I pranced into the gym today with Lachlan in my arms after just dropping his sister off at school. I was in charge of half of my usual amount of rugrats and feeling good. Until I opened the gym daycare door. I thought I just walked into a cheap bar. And the barmaid was sitting in the rocking chair, arms open to accept my child. It smelled like stale ciggie smoke! I thought a toddler was actually lighting one up it was so strong.

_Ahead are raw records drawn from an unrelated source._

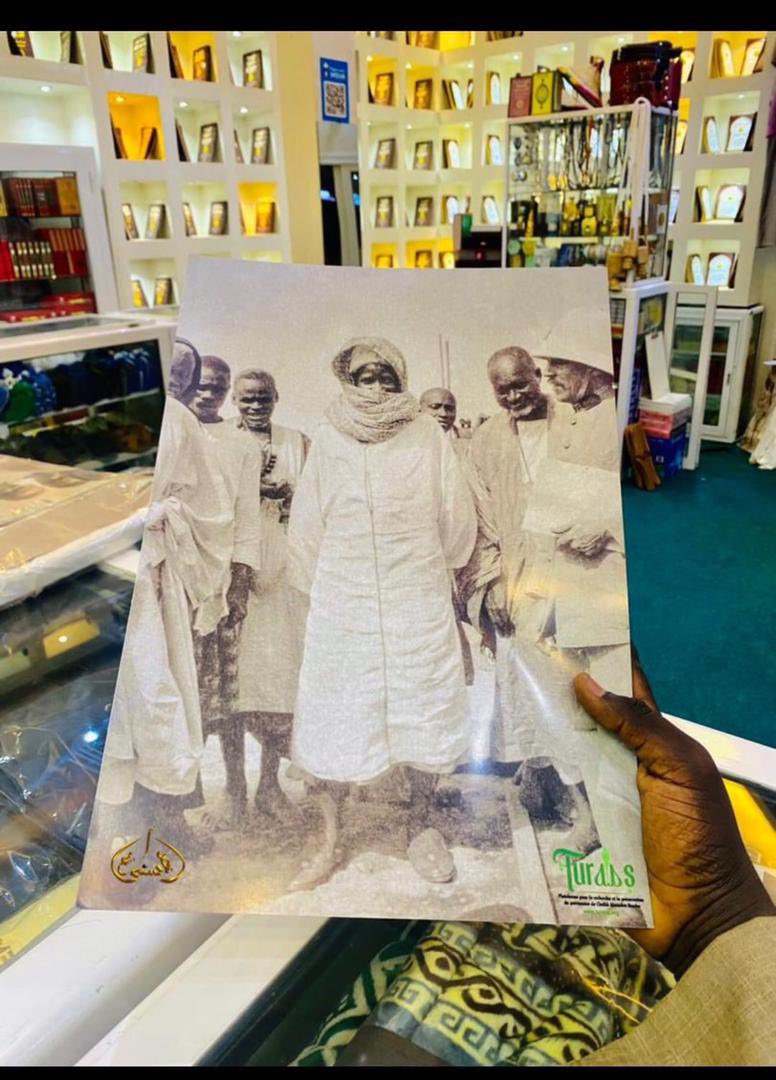 Beugbamba96's tweet photo. Patrimoine cheikhoul Khadim du 2 au 6 janvier 2024 inchaAllah ♥️ la photo a 5000 🙏 https://t.co/pUYiiILgZl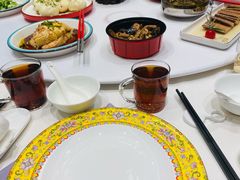 -上海老饭店(北京分店)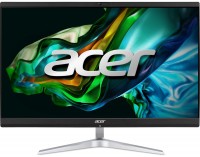 Photos - Desktop PC Acer Aspire C24-1851 (DQ.BKNME.005)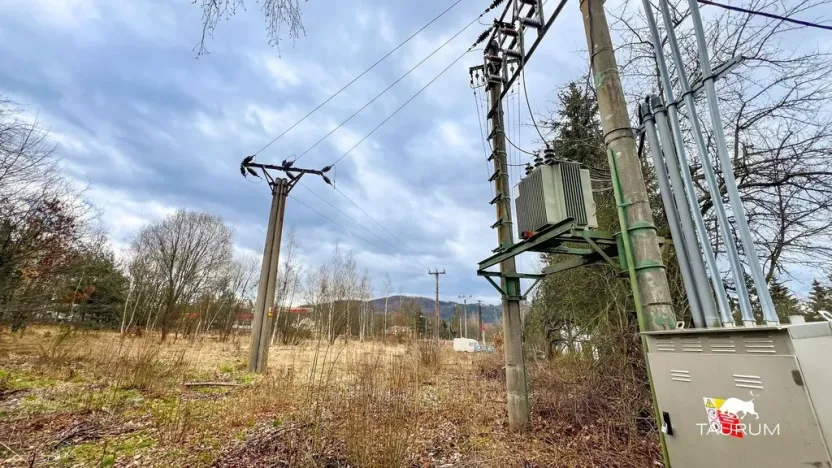 Prodej komerčního pozemku, Dalovice, 11759 m2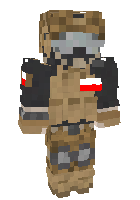 Скин по нику Igor13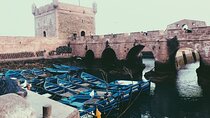 Private Day Trip From Marrakech To Essaouira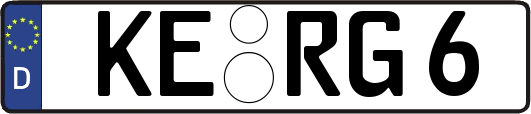 KE-RG6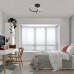 LED плафон RABALUX 71296 EMILION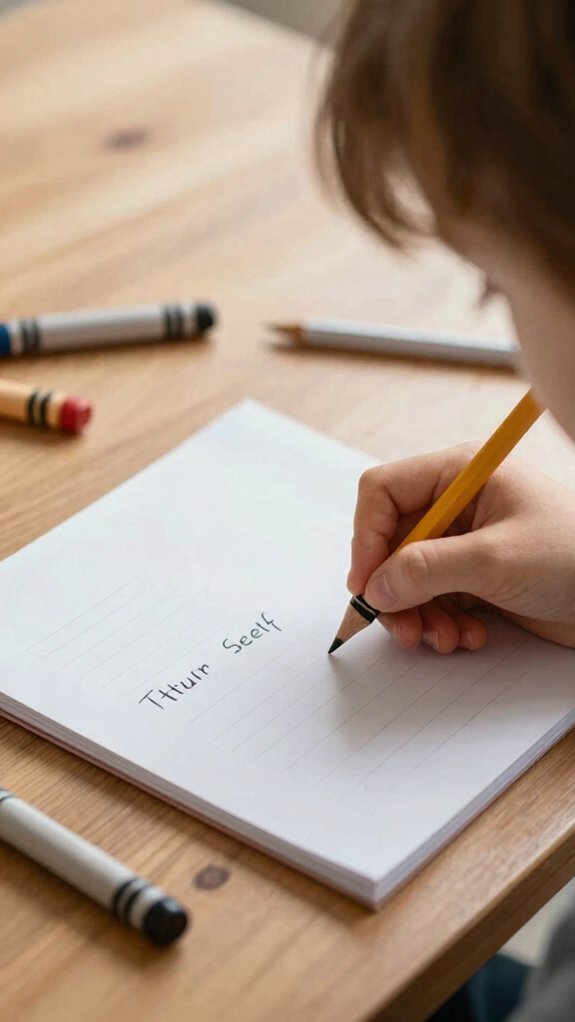 gratitude letter format future me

I set Lachlan in an Exersaucer as far away from last nights barmaid as possible. And I left, hoping the other girl in charge would take care of him... As I walked on my treadmill I could see in the windows of the daycare so I watched. And I watched Smokey pick him up! And he cried and cried. He snuggled his clean little baby face into her smelly clothes and fussed. I couldnt take it. I hopped right off the 'mill and went in there. Said, "Something came up." Grabbed him and bolted. I hadnt even walked a half mile....
I almost cried. I wanted to talk to the management but she was busy. I stood there awkwardly then left. But I am not through. I know the owner and my kids will never go when that lady is there again. Its called 3rd hand smoke (smoke that lingers on clothes, skin, and hair) and kids who are around it have nicotine in their little tiny developing baby bodies.
This is a daycare at a gym. Who goes to gyms? Health conscious people. Do you think we smoke? No. This to me in unbelievable. It makes me sick. I am doing something about it.